Question

A point moves with constant acceleration and ${v_1}$, ${v_2}$ and ${v_3}$ denoted the average velocities in the three successive intervals ${t_1}$, ${t_2}$, and ${t_3}$ of time. Which of the following relations is correct?
(A) $\dfrac{{{v_1} - {v_2}}}{{{v_2} - {v_3}}} = \dfrac{{{t_1} - {t_2}}}{{{t_2} + {t_3}}}$
(B) $\dfrac{{{v_1} - {v_2}}}{{{v_2} - {v_3}}} = \dfrac{{{t_1} - {t_2}}}{{{t_1} - {t_3}}}$
(C) $\dfrac{{{v_1} - {v_2}}}{{{v_2} - {v_3}}} = \dfrac{{{t_1} - {t_2}}}{{{t_2} - {t_3}}}$
(D) $\dfrac{{{v_1} - {v_2}}}{{{v_2} - {v_3}}} = \dfrac{{{t_1} + {t_2}}}{{{t_2} + {t_3}}}$

Answer 1

Since the acceleration is constant, the average acceleration from first interval to second interval, and from second interval to third interval are equal. Average acceleration can also be written as initial minus final velocity as long as the time is also initial minus final time.

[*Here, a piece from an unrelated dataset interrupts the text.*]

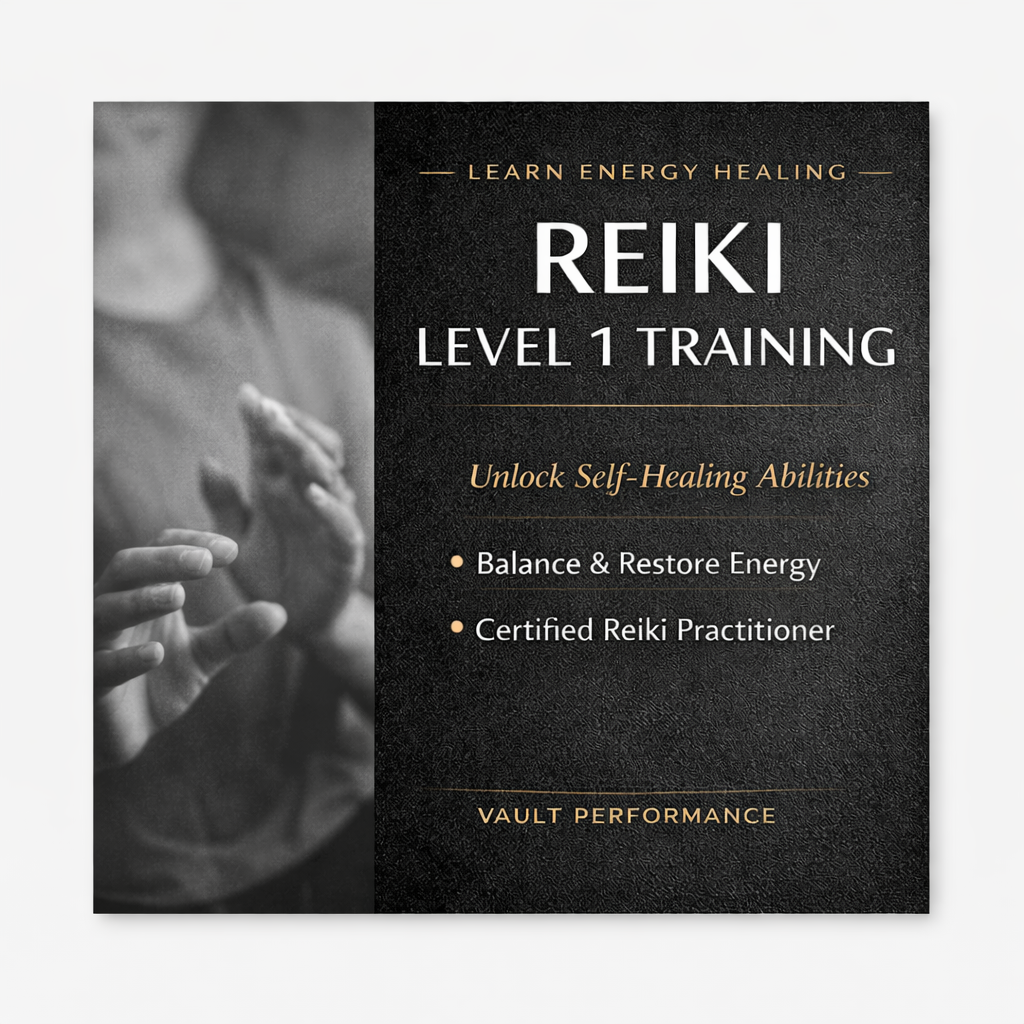✨ Reiki Level 1 Training (Vault Members)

Formula used: In this solution we will be using the following formula;
$a = \dfrac{{{v_f} - {v_i}}}{{{t_f} - {t_i}}}$ where $a$ is the acceleration of a body, ${v_f}$ is the final velocity, ${v_i}$ is the initial velocity, ${t_f}$ is time at final velocity, and ${t_i}$ is the time as initial velocity.

Complete step by step answer
A point is said to move with constant acceleration, during such acceleration, it possess velocity ${v_1}$ at time ${t_1}$, velocity ${v_2}$ at time ${t_2}$, and ${v_3}$ at time ${t_3}$.
Now acceleration between ${v_1}$ and ${v_2}$ will be given as
$a = \dfrac{{{v_f} - {v_i}}}{{{t_f} - {t_i}}} = \dfrac{{{v_2} - {v_1}}}{{{t_2} - {t_1}}}$ ( making ${v_2}$ as the final velocity) where ${v_f}$ is the final velocity, ${v_i}$ is the initial velocity, ${t_f}$ is time at final velocity, and ${t_i}$ is the time as initial velocity
Now, we can multiply both numerator and denominator as -1, hence
${a_{12}} = \dfrac{{ - \left( {{v_2} - {v_1}} \right)}}{{ - \left( {{t_2} - {t_1}} \right)}} = \dfrac{{{v_1} - {v_2}}}{{{t_1} - {t_2}}}$
Similarly for acceleration between ${v_2}$ and ${v_3}$, it can be written as
${a_{23}} = \dfrac{{ - \left( {{v_3} - {v_2}} \right)}}{{ - \left( {{t_3} - {t_2}} \right)}} = \dfrac{{{v_2} - {v_3}}}{{{t_2} - {t_3}}}$
Now, since the acceleration is said to be constant, the first acceleration and the second acceleration are hence equal, thus
${a_{12}} = {a_{23}}$
$\Rightarrow \dfrac{{{v_1} - {v_2}}}{{{t_1} - {t_2}}} = \dfrac{{{v_2} - {v_3}}}{{{t_2} - {t_3}}}$
By multiplying both sides by ${t_1} - {t_2}$ and dividing both sides by ${v_2} - {v_3}$, we have that
$\dfrac{{{v_1} - {v_2}}}{{{v_2} - {v_3}}} = \dfrac{{{t_1} - {t_2}}}{{{t_2} - {t_3}}}$
Hence, the correct option is C.

Note
For clarity, we need to note that the use of initial velocity minus final velocity (which was obtained from multiplying both sides by -1) in the actual sense works when only the magnitude of the acceleration is considered.
This is because, since velocity is a vector and time is a scalar, the direction of the change in velocity gets reversed, and this is not counterbalanced by any change in direction of time. However to balance it we make changes in time negative, like saying $10:00 - 10:30 = - 30\min$. The equation in general is just a mathematical equivalence, and not a physical reality.